**PROVIDED RECORDS:**

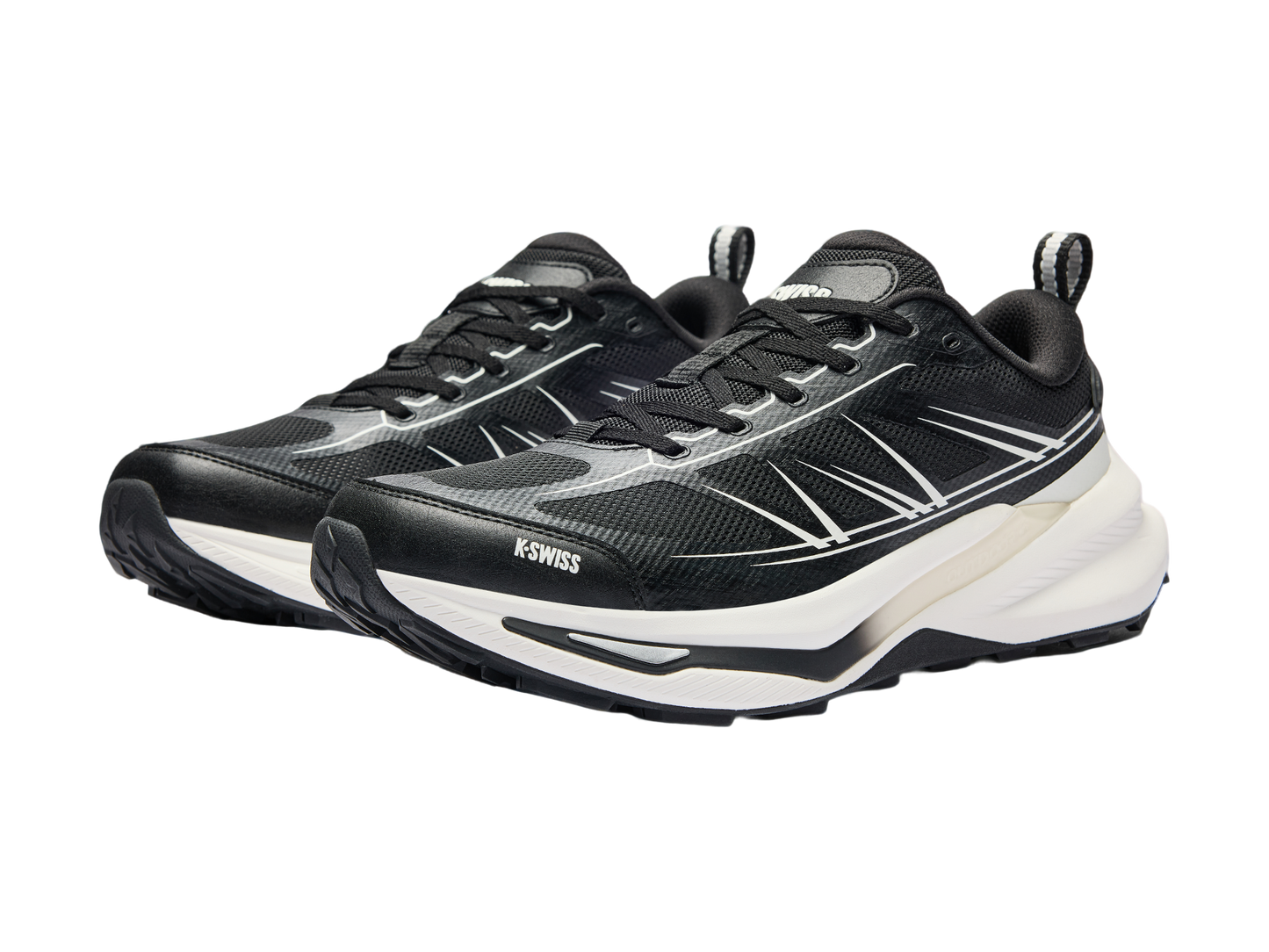 09851-002-M | WILD RUN | BLACK/WHITE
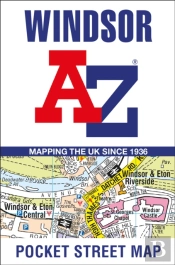 Windsor A-Z Pocket Street Map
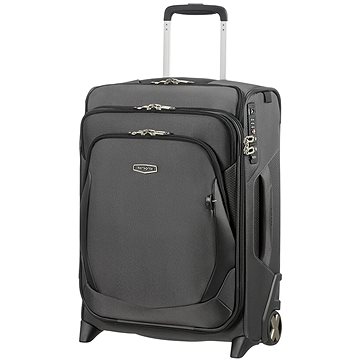 Klap Strippen voor het geval dat Samsonite X-Blade 4.0 UPR 55 STRICT TOPPOCKET Grey/Black - Suitcase with  TSA-Approved Lock | alza.sk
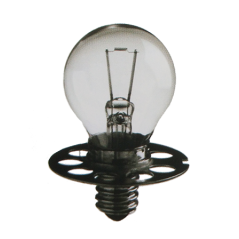 لامپ اسلیت 6 ولت اسرام با پایه E14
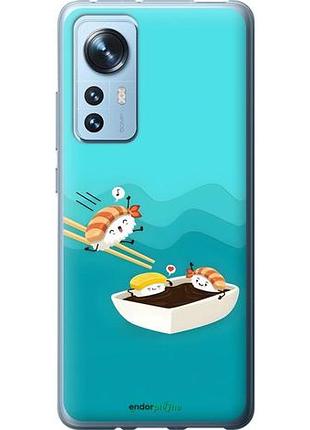 Чехол на xiaomi 12 суши сяоми 12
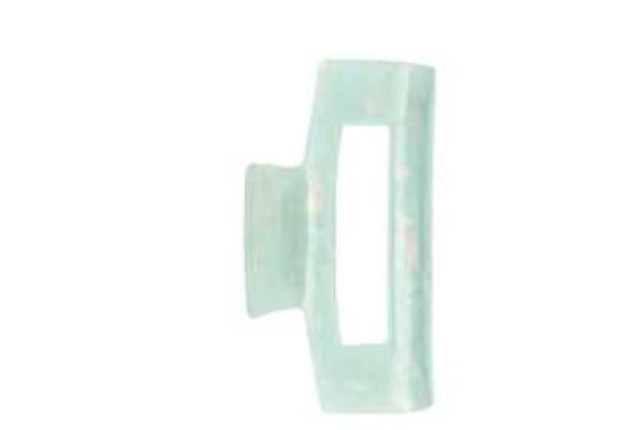 Claw Clips Acrylic – Light Blue Pearly Glitter (2 pcs) x 6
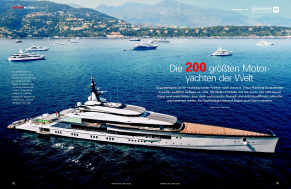 Die 200 größten Motoryachten der Welt 2020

**TASK DETAILS:** Pictures stay out; the entries above are to be output exactly as given.

**OUTPUT OF THE TASK:**
 09851-002-M | WILD RUN | BLACK/WHITE
 Windsor A-Z Pocket Street Map
 Klap Strippen voor het geval dat Samsonite X-Blade 4.0 UPR 55 STRICT TOPPOCKET Grey/Black - Suitcase with  TSA-Approved Lock | alza.sk
 لامپ اسلیت 6 ولت اسرام با پایه E14
 Чехол на xiaomi 12 суши сяоми 12
 Claw Clips Acrylic – Light Blue Pearly Glitter (2 pcs) x 6
 Die 200 größten Motoryachten der Welt 2020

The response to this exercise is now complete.